SQL Query plan confusion

1. - I have a nested join query on a table of 8,000,000 records which
performs similar or better than PostreSQL (~10ms) on my small test setup (2x
nodes, 8GB, 2CPU):

SELECT
	mainTable.pk, mainTable.id, mainTable.k, mainTable.v
FROM
	public.test_data AS mainTable
		INNER JOIN (
			SELECT
				lastName.id
			FROM
				(SELECT id FROM public.test_data WHERE k = 'trans.cust.last_name' AND v
= 'Smythe-Veall') AS lastName
					INNER JOIN
						(SELECT id FROM public.test_data WHERE k = 'trans.date' AND v =
'2017-12-21') AS transDate ON transDate.id = lastName.id
					INNER JOIN
						(SELECT id FROM public.test_data WHERE k = 'trans.amount' AND cast(v
AS integer) > 90000) AS transAmount ON transAmount.id = lastName.id
		) AS subTable ON mainTable.id = subTable.id 
ORDER BY 1, 2


2. - By simply adding a WHERE clause at the end, the performance becomes
catastrophic on Ignite (~10s for subsequent queries - first query takes many
minutes).

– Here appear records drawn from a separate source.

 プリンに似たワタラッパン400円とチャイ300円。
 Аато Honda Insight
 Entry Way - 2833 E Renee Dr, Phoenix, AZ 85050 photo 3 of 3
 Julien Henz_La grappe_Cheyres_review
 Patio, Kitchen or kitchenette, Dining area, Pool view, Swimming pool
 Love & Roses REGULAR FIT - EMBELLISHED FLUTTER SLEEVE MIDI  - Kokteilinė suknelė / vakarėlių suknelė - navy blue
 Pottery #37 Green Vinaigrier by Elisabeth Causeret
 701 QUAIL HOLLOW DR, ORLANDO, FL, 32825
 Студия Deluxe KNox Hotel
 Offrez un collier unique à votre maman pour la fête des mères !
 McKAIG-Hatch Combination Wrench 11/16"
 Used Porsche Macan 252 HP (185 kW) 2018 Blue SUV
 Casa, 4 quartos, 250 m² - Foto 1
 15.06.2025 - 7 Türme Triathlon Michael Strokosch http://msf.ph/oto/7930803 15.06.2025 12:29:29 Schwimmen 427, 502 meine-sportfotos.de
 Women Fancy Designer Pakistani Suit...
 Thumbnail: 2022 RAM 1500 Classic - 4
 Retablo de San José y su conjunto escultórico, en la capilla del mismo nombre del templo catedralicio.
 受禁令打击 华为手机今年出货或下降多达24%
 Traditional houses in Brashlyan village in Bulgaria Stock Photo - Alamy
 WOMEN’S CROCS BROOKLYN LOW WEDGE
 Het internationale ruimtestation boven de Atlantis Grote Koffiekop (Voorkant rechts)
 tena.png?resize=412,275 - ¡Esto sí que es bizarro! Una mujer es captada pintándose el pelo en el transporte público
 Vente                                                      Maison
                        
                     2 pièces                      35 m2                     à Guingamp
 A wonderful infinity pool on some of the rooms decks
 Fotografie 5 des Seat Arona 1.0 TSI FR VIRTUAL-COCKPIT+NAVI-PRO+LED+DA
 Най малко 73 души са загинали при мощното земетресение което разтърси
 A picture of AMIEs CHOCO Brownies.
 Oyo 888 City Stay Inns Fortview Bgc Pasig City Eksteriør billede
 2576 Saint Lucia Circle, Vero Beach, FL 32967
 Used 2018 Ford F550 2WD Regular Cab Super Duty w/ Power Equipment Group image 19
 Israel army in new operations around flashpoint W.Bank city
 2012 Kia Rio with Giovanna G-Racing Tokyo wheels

On PostgreSQL performance does not change...

SELECT
	mainTable.pk, mainTable.id, mainTable.k, mainTable.v
FROM
	public.test_data AS mainTable
		INNER JOIN (
			SELECT
				lastName.id
			FROM
				(SELECT id FROM public.test_data WHERE k = 'trans.cust.last_name' AND v
= 'Smythe-Veall') AS lastName
					INNER JOIN
						(SELECT id FROM public.test_data WHERE k = 'trans.date' AND v =
'2017-12-21') AS transDate ON transDate.id = lastName.id
					INNER JOIN
						(SELECT id FROM public.test_data WHERE k = 'trans.amount' AND cast(v
AS integer) > 90000) AS transAmount ON transAmount.id = lastName.id
		) AS subTable ON mainTable.id = subTable.id 
*WHERE
	mainTable.k = 'trans.cust.first_name'*
ORDER BY 1, 2

What can I do to optimise this query for Ignite???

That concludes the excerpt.